Matt Willis tasted chart success outside Busted for the first time in 2006, as "Up All Night" reached number 7. Cherise Roberts and Nadia Shepherd charted under the name Booty Luv, having previously recorded hit singles as part of Big Brovaz.

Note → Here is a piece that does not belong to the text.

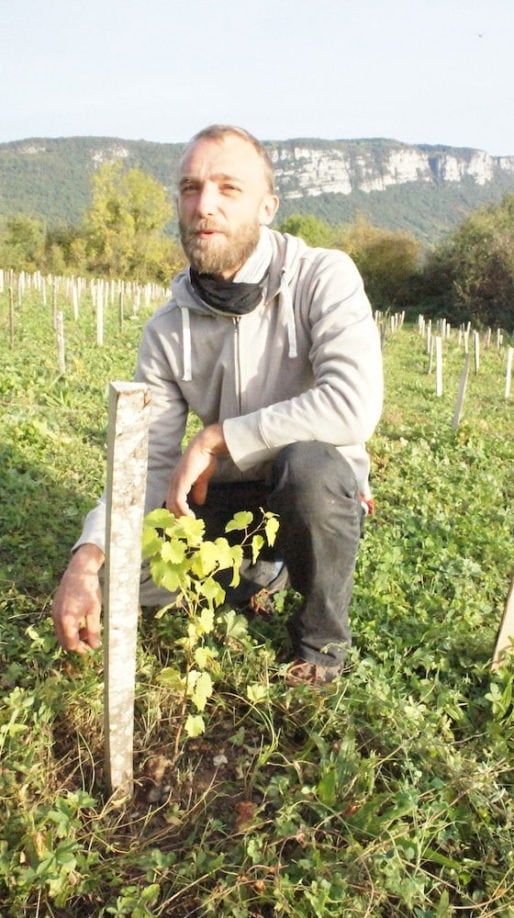 Sébastien Bénard devant un plant de Servanin planté en 2016 à La Buisse. ©LB/Rue89Lyon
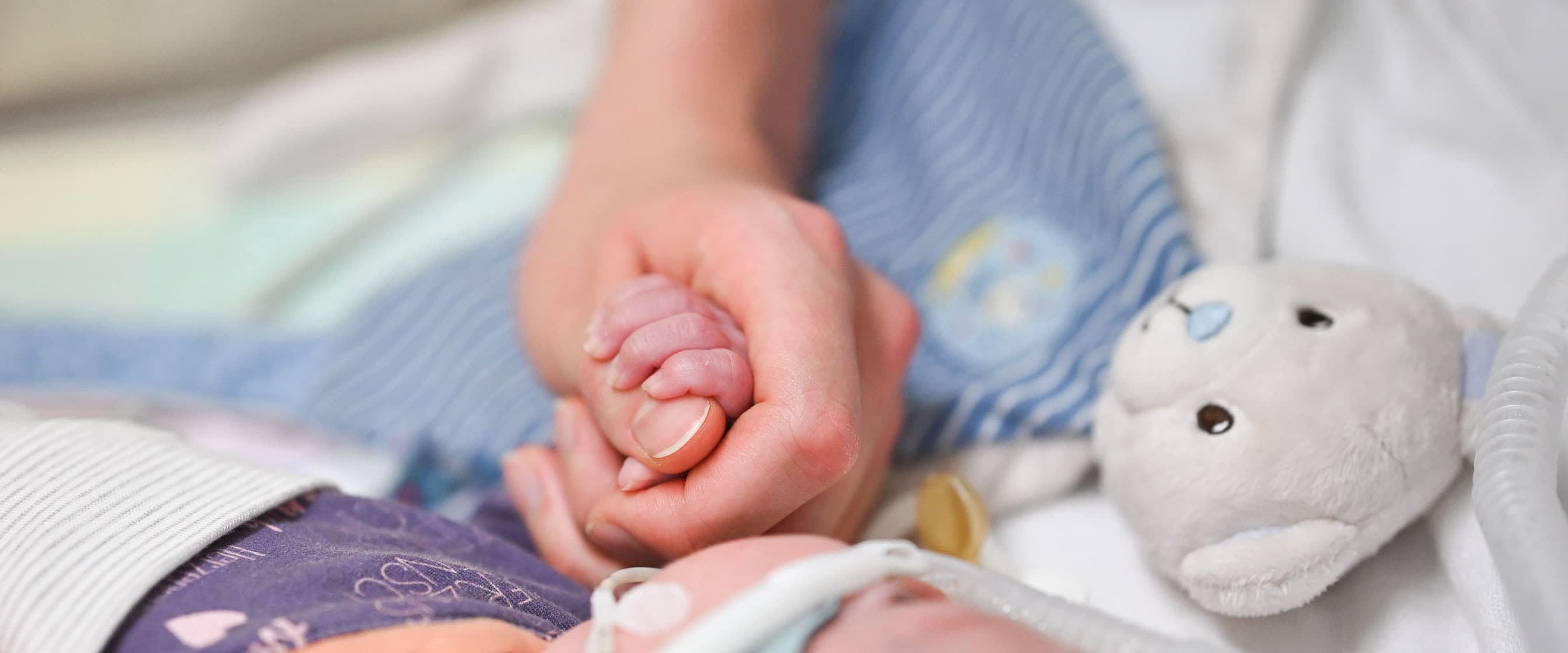 Die Hand einer Pflegefachkraft hält den Fuß eines Neugeborenen, das in einem Inkubator auf der Neonatologie liegt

Nicole Scherzinger of The Pussycat Dolls collaborated with P. Diddy on "Come to Me" in 2006.

===Songs from films===
Original songs from various films entered the top 10 throughout the year. These included "Breaking Free" (from High School Musical), "You Know My Name" (Casino Royale), and "Friday Night" (Night at the Museum). "Check on It" was also recorded for The Pink Panther but never made the soundtrack.

===Charity singles===
A number of singles recorded for charity reached the top 10 in the charts in 2006. The Sport Relief single was the double-A side "Don't Stop Me Now" (a cover of the Queen song) and "Please, Please" by McFly, peaking at number on one 29 July 2006.

Emma Bunton recorded the Children in Need single for 2006, a cover of the Petula Clark song "Downtown". It was the eighth solo top 10 single of her career and reached number three on 2 December 2006.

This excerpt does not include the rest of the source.